Doing nothing means global temperatures will continue to rise, meaning we are less likely to maintain a livable climate. As such, lowering our greenhouse gas emissions is imperative in our fight against climate change. 

While methane is 80 times more potent when it comes to warming than carbon dioxide, it does not remain in our atmosphere for as long. Whereas carbon dioxide remains for a century or more, methane has a life span of only about 12 years. 

This means that reducing methane emissions will have a significant impact in lowering global temperatures. Indeed, according to The United Nations Environment Program, if human-caused methane emissions could be reduced by 45%, nearly 0.3˚ C of global warming would be averted by 2045.

International Rally 

Having realized that reducing methane emissions is an easy win in our fight against climate change, the U.S. government — working in partnership with the European Union — launched the Global Methane Pledge initiative at the 2021 United Nations Climate Change Conference (COP26).
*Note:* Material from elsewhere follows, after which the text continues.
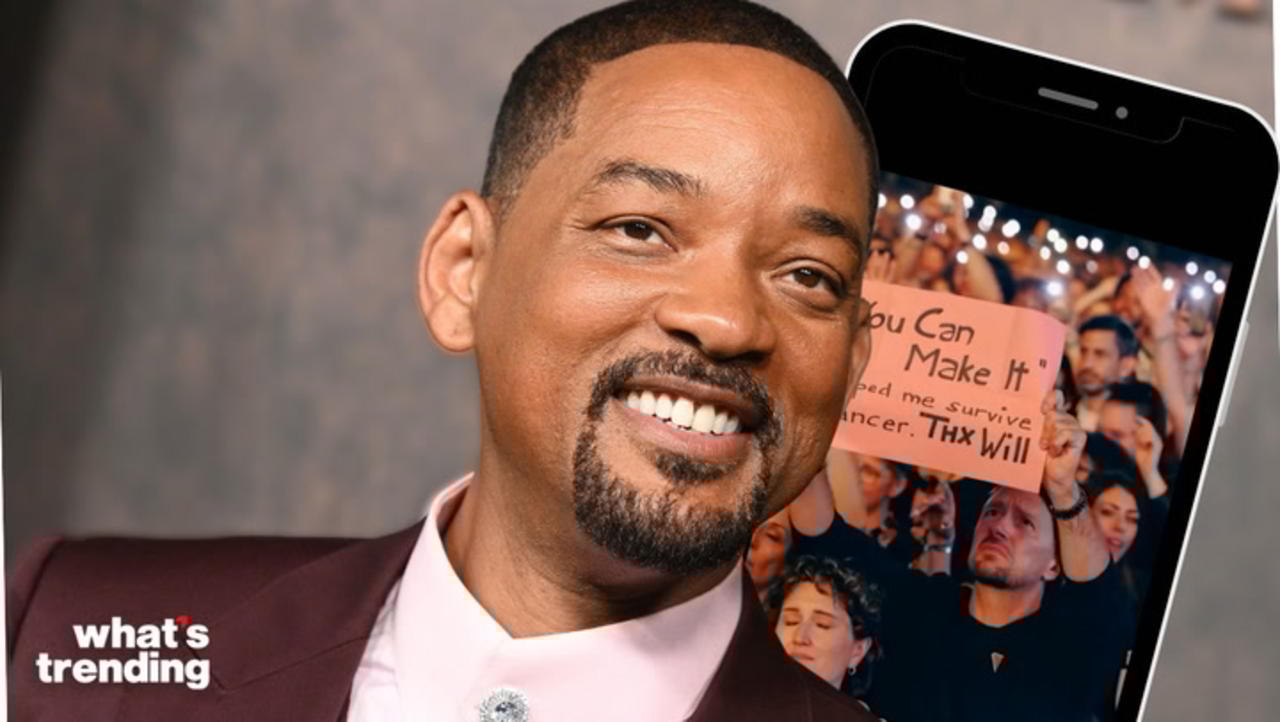 Fans claim Will Smith used AI to fake audience in new video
This initiative has now brought together over 100 countries, who have pledged to collectively cut methane emissions by at least 30 per cent by 2030 from 2020 levels. 
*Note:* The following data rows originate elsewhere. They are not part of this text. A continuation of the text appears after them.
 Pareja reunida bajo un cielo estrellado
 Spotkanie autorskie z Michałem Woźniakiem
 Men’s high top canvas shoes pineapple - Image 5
As governments rally under the Global Methane Pledge, the oil and gas industry is pivotal in implementing effective strategies. Two key initiatives — the Methane Guiding Principles (MGP) and the Oil and Gas Methane Partnership (OGMP) — are driving industry efforts. 

MGP, a set of voluntary guidelines, emphasizes best practices and collaboration. Simultaneously, OGMP encourages companies to commit to reducing and transparently reporting methane emissions, providing a global framework for consistency and verifiability. 

While methane is emitted from natural sources, such as wetlands, the majority comes from human activities in a variety of sectors. Industry, agriculture, land use and waste management activities all release a percentage of methane into the air; however, the energy industry is one of the biggest culprits. 

According to the International Energy Agency’s Methane Tracker, the global energy industry alone released nearly 135 million tons of methane into the atmosphere in 2022. Closer to home, the Environmental Protection Agency reveals that in the US, the oil and gas sector is the largest industrial source of methane emissions, responsible for about 30% of total methane emissions. 

Gas Pipelines Challenges  

The U.S. has the largest network of gas pipelines in the world. Beneath our feet, there are about three million miles of pipelines threading their way across states and boundaries, to deliver natural gas supplies from production areas and storage facilities to over 73 million customers. 

Every year, the interstate natural gas pipeline capacity is increased to support energy transition and increasing demand. Leaks are a common occurrence in this network of pipelines. According to the EPA, in 2019, they accounted for 1.4% of produced gas which is equivalent to $1.8 billion in lost revenue. 

Pipeline methane leaks pose health and safety risks, due to flammability and contribution to smog, worsening respiratory conditions. A recent study, published in the Proceedings of the National Academy of Sciences, monitored methane emissions in the Boston area between 2012 and 2020. 

The findings reveal that an average of 49,000 mtpa of methane leaked into the atmosphere. This is equivalent to the carbon dioxide emissions of around 250,000 cars operating for a year. The findings reveal that, despite small individual leaks, their cumulative impact affects costs, human safety and climate change. 

There are many reasons for leaks to occur in the gas network. The most common reason is excavating accidents that result in the rupturing or puncturing of an underground pipeline. Another key reason is equipment failure or corrosion, which is to be expected when considering how long some of these pipelines have been in operation. 

In fact, more than half of the natural gas pipeline network was installed in the 1950s and 1960s, following a significant rise in consumer demand for natural gas after World War II. While the pipeline network has been extended in the intervening decades, a large proportion is decades old and prone to leaks.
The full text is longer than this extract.